Let $M \subset \mathbb{R}^k$ be a smooth $m$-dimensional manifold and fix a point $p$ on $M$.
Let $U_0 \subset M$ be an $M$-open set with $p \in U_0$ and let $\phi_0 : U_0 → \Omega_0$ be a diffeomorphism onto an open subset $Ω_0 ⊂ \mathbb{R}^m$.
Define $x_0 := \phi_0(p)$ and let $\psi_0 := \phi_0^{-1}: \Omega_0 \rightarrow U_0$ be the inverse map.
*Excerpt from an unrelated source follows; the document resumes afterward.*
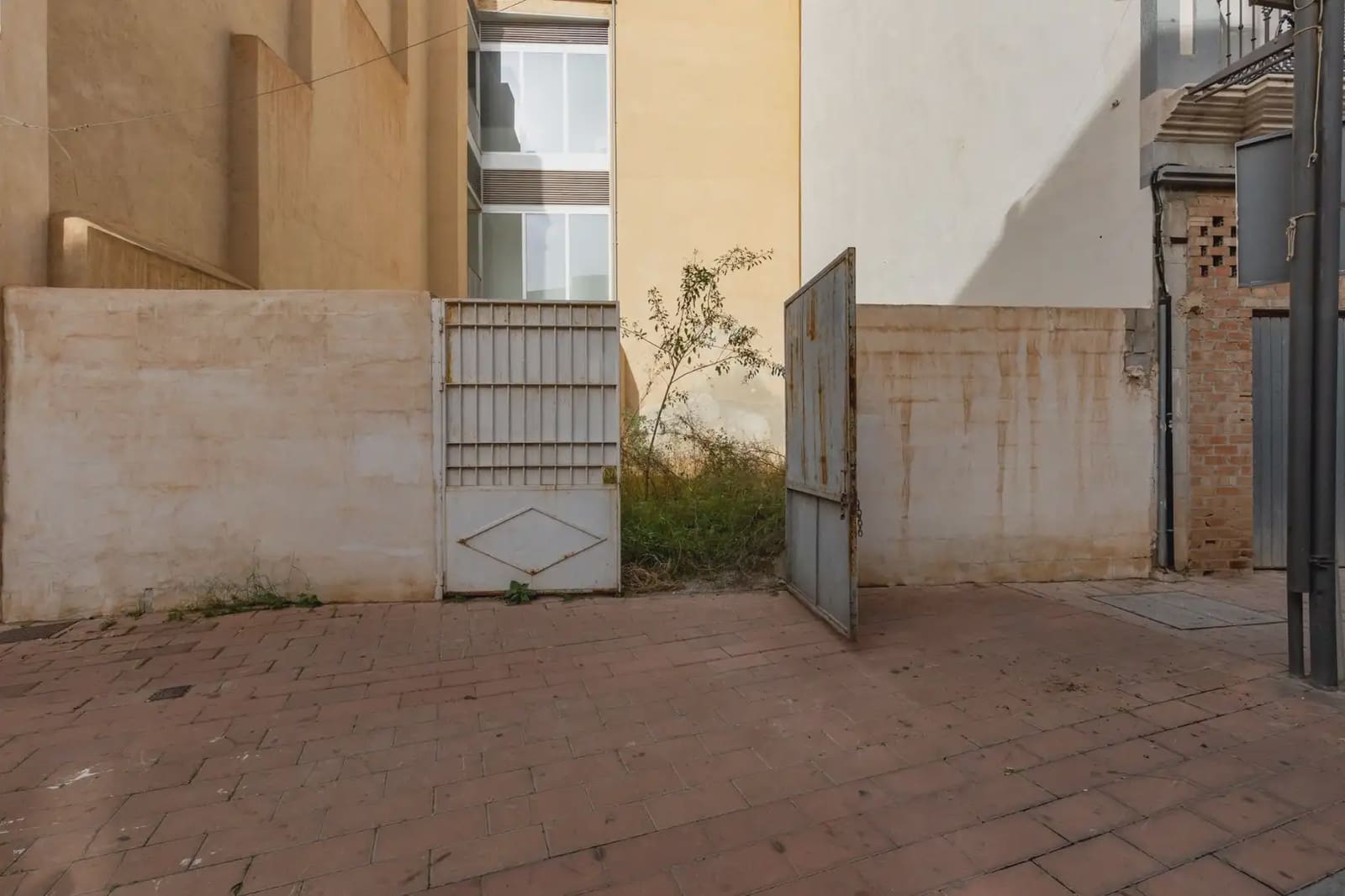 Building Plot for sale in Motril - € 220,000 (Ref: 9836889)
Then:
$$T_pM = (\text{im }d\psi_0(x_0): \mathbb{} \mathbb{R}^m \rightarrow \mathbb{R}^k) $$
An inclusion argument is trivial to make, i.e. for a small enough $t$ and $\xi \in \mathbb{R}^m$, such that $x_0 + t \xi \in \Omega_0$, we can define a curve $\gamma: (-\epsilon, \epsilon) \rightarrow M$, such that $\gamma(t) := \psi_0(x_0 + t\xi)$. Naturally, we get:
$$\gamma(0) = p, \text{ } \dot{\gamma}(0) = \frac{d}{dt} \bigg|_{t=0} \psi_0(x_0 + t\xi) = d\psi_0(x_0) \xi$$
This shows that $d\psi_0\xi \in T_pM$, which is all fine. The author then goes to say that since $\dim \text{im }d\psi_0(x_0) = m$, the problem is solved.
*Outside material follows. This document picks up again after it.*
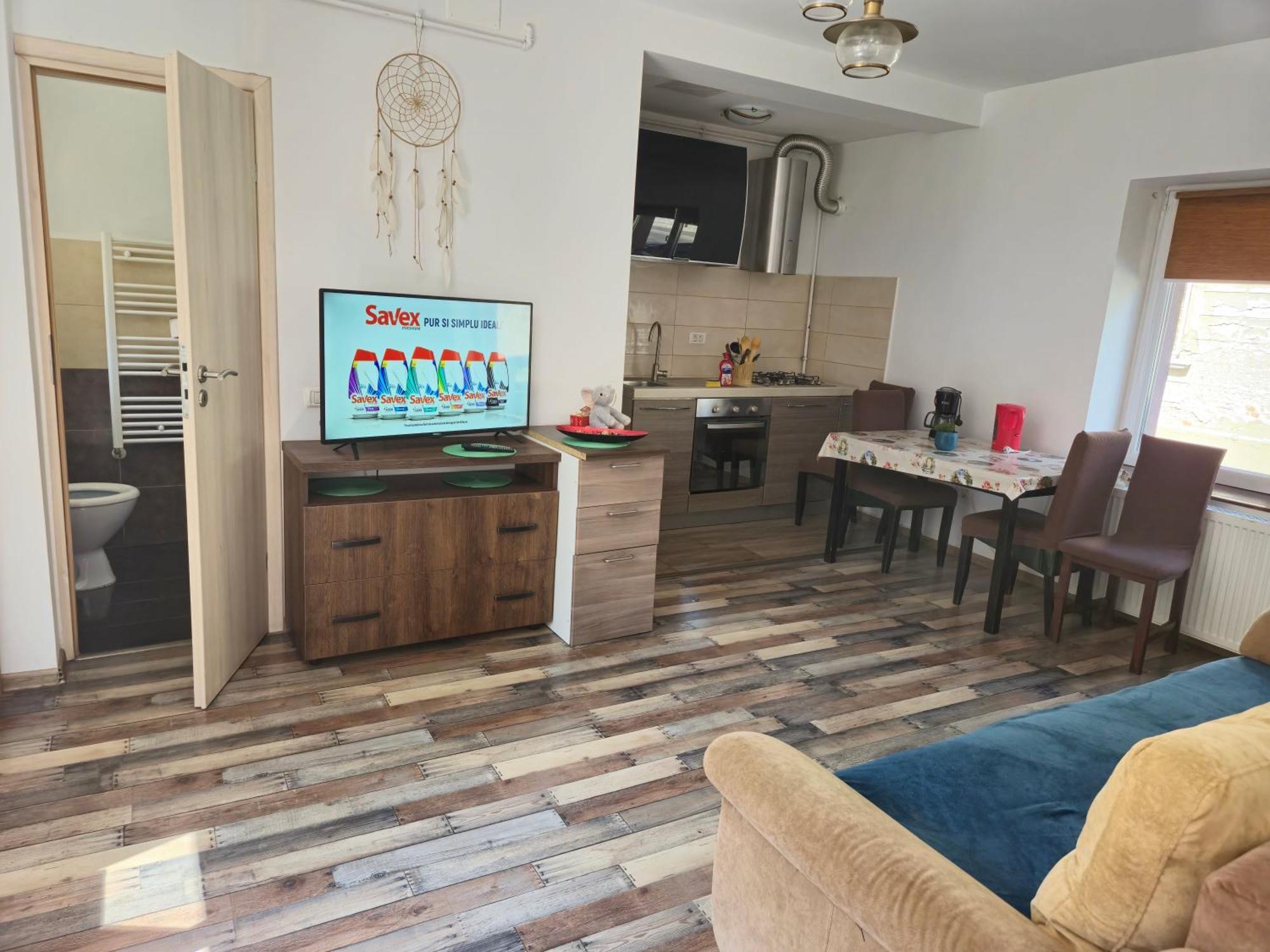 Apartamente De Inchiriat Lucky House Braşov Buitenkant foto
I'm missing the justification behind this $\dim \text{im }d\psi_0(x_0) = m$. Indeed, given the smoothness of $\psi_0 := \phi_0^{-1}$ I assume some argument can be made regarding the rank/surjectivity of the Jacobian $d\psi(x_0)$ via some form of the inverse function theorem, but I just can't get my finger on it.
Otherwise, regarding $d\psi(x_0)$ as the best linear approximation to $\psi$ around $x_0$, one may write:
$$\psi(x_0 + t \xi) = \psi(x_0) + td\psi(x_0)\xi + o(\Vert \xi \Vert)$$
But given $m \neq k$ I find it non-trivial to argue for the surjectivity of $d\psi(x_0)$. A solution would be welcome.
The text I'm studying is Introduction to Differential Geometry, Robin and Salamon (18 April 2020 version), page 26.
We follow J. Milnor, Topology from the differentiable viewpoint, page 5, almost verbatim.
Since $\phi_0\colon U_0\to\Omega_0$ is a smooth mapping, we can choose an open set $W$ containing $p$ and a smooth map $F\colon W\to\mathbf{R}^m$ that coincides with $\phi_0$ on $W\cap U_0$. Letting $V=\phi_0(W\cap U_0)$ and writing $\iota\colon V\to\mathbf{R}^m$ for the inclusion map, we have $\iota=F\circ\psi_0$ and therefore $\text{id}_{\mathbf{R}^m}=dF_p\circ d(\psi_0)_{x_0}$. It follows that $d(\psi_0)_{x_0}$ has rank $m$, and hence its image $T_pM$ has dimension $m$.